Decode the Streamline Sales Tax Project

If you're a retailer who ships out of state, you could be hit with a huge tax bill next year. Here's what you need to know.


Fast Facts

Online tools can help ease implementation and keep businesses up to date with local changes.

Taking action now allows businesses to capitalize on the current sales tax amnesty program.

Once enacted, uniform definitions and set standards will make it easier for remote sellers to collect sales tax from a customer in another state


Like most tax related information, the Streamline Sales Tax Project (SSTP) is anything but easy to understand. And, while few businesses are aware of its implications, SSTP's possible passage is sure to affect how retail businesses operate. This includes catalog retailers and businesses involved in e-commerce, or sales over the Internet.


SSTP Origins

In 1992, the U.S. Supreme Court ruled that remote sellers must collect sales tax from out-of-state customers if the business has a physical presence in the customer's home state. The ruling's intent was to alleviate the burden on retailers trying to understand the widespread rules in thousands of different jurisdictions.

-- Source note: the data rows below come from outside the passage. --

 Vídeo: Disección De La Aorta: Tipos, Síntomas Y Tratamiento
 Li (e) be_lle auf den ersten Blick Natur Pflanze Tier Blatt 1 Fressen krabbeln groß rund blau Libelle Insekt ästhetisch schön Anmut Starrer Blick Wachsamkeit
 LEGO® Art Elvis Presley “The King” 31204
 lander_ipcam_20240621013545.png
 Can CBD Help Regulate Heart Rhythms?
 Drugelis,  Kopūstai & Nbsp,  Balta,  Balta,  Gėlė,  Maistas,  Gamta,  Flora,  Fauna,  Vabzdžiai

However, states and numerous brick-and-mortar retailers claimed that the ruling created an unfair business environment favoring remote sellers. As a result, in 2000, multiple states officially organized the SSTP and currently numerous states are passing legislation to join the program. The SSTP's primary goal is to simplify and standardize the sales tax collection process across the country, so that remote retailers can easily access and apply sales taxes in the jurisdictions they ship to.


Recognizing that the project was building steam and support, the U.S. Congress committed to draft legislation requiring collection when at least 10 states with 20% of the nation's population signed the agreement. This threshold is getting close to being met.


SSTP's Potential Impact

Recognizing that the SSTP might meet its criteria, The Simplified Sales and Use Tax Act of 2003 was introduced. If enacted, federal legislation would take what is currently slated to be a voluntary collection system and make it a mandatory one.


Even though a firm date has not been set for activation, this would be a significant change for business, says Kristi Magill, managing director of state and local tax division with Minneapolis-based RSM McGladrey Inc. "All told, there are more than 7,000 jurisdictions including states, counties and cities that charge a sales tax. This can significantly impact how businesses operate, especially in states that formerly allowed firms to use an origin-based sales tax calculation system," Magill says. "You no longer need to just keep track of your own local jurisdiction; you now need to know how sales tax is charged wherever you ship to."


Magill adds that when the SSTP meets its threshold and is officially activated, participating state governments are supposed to provide a software solution to simplify the process, but no software developer has been chosen yet.


Even though voluntary participation may seem like more hassle than it's worth, early enrollment does have its benefits, including avoiding retroactive tax collection. "Businesses have also been presented with an amnesty provision allowing them to wipe out past debts as long as they are willing to register under the SSTP and comply in all member states from this point forward," Magill says.


If they don't comply, businesses can be hit with a retroactive tax bill dating back to the day their home-state adopted the program. "This can be significant," Magill adds.